IAM service account token expiry causing API failures in ERP user provisioning workflow

Our ERP system provisions new users by making batch API calls to various GCP services (Cloud Storage, BigQuery, Pub/Sub) using a service account. The batch job runs nightly and processes 200-500 new user accounts. Recently, we’ve seen intermittent failures where API calls fail with authentication errors halfway through the batch.

We’re using service account JSON key authentication. The token appears to expire during long-running batch operations, causing subsequent API calls to fail with 401 Unauthorized errors. This creates incomplete user provisioning and delays employee onboarding by 24+ hours until the next batch run.

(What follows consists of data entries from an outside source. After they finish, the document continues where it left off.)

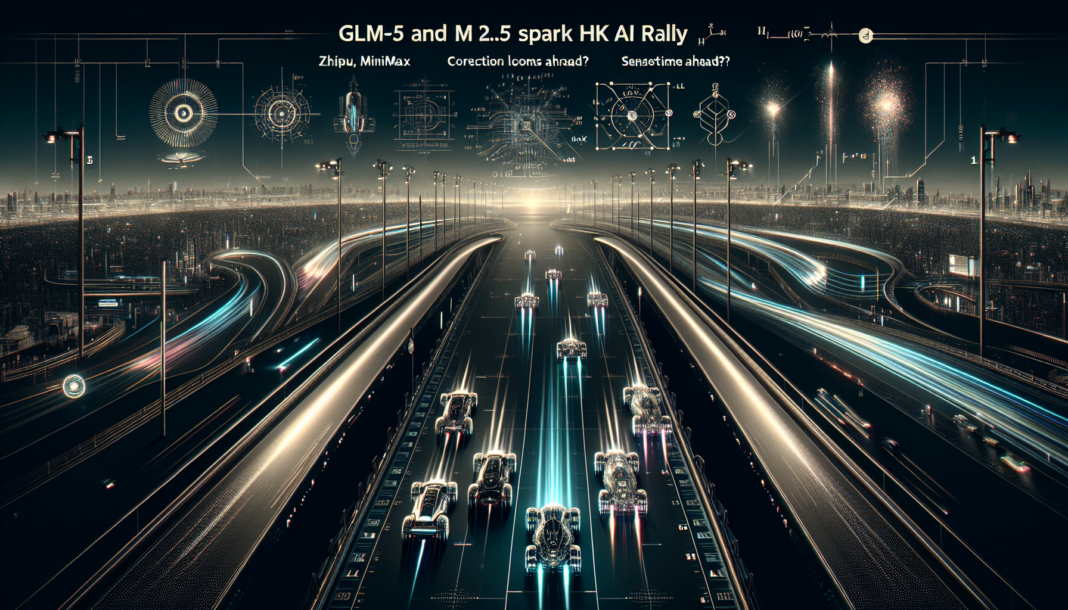 GLM-5 and M2.5 Spark HK AI Rally: Zhipu, MiniMax, SenseTime Soar; Correction Looms Ahead??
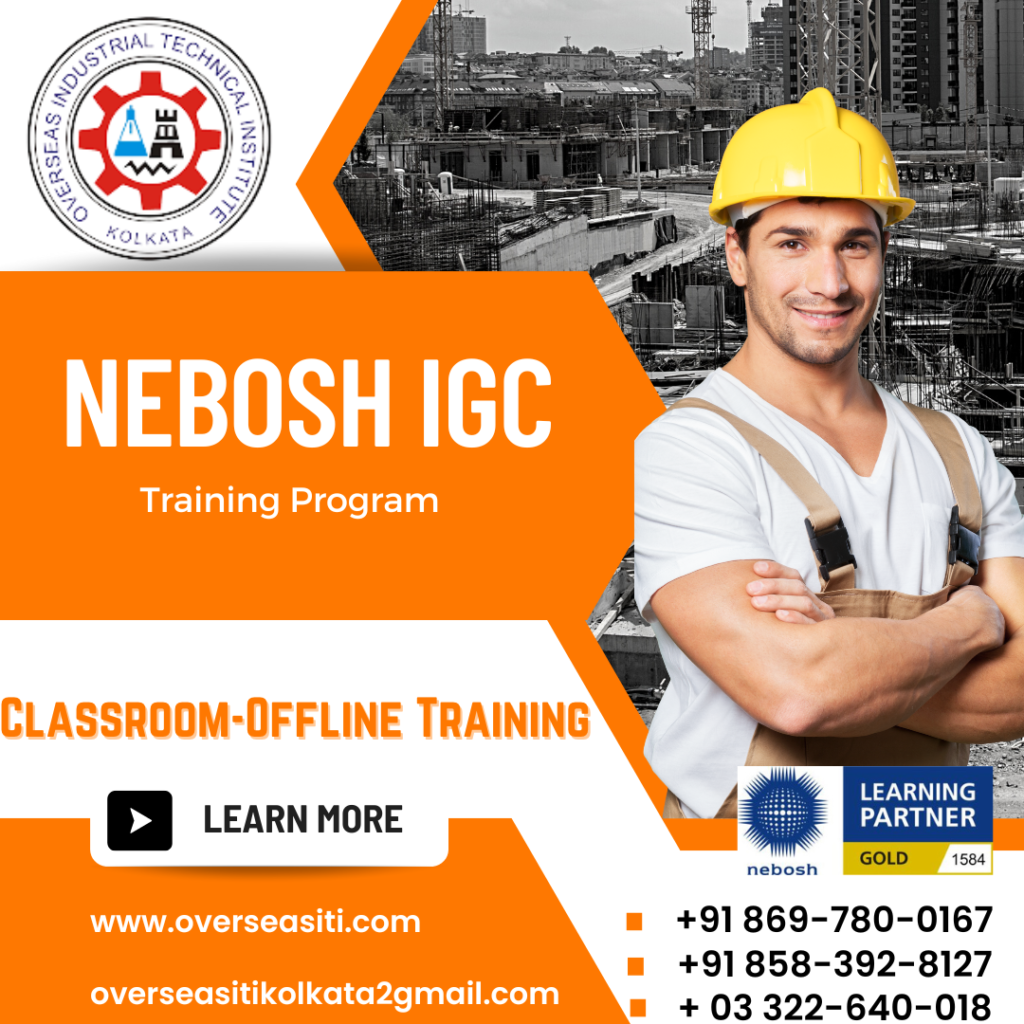 Nebosh Igc Course in Kolkata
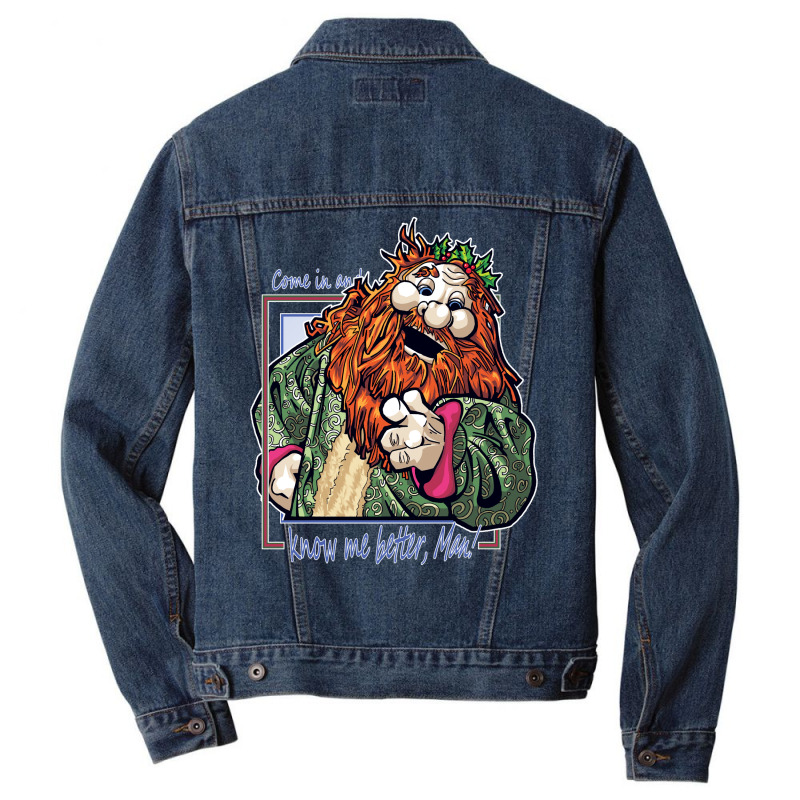 Know Me Better, Man Men Denim Jacket by durimringajs | Artistshot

Error: Request had invalid authentication
HTTP 401: Invalid authentication credentials
Occurs after ~45-60 minutes into batch job

The IAM token lifetime seems shorter than our batch processing time. How should we handle API authentication for reliable batch operation execution?

Service account access tokens have a default lifetime of 1 hour. If your batch job runs longer than that, you need to refresh the token. Are you using a client library or making raw REST API calls? The official Google Cloud client libraries handle token refresh automatically.

Paula, we’re using a mix - Python client libraries for some services and direct REST calls for others. The failures happen with the REST API calls. We’re loading the service account key once at job start and reusing the same token. Should we be regenerating tokens periodically?

Another option is to use short-lived tokens with Workload Identity Federation if you’re running on GCP infrastructure. This eliminates the need to manage service account keys entirely and tokens are automatically refreshed by the infrastructure.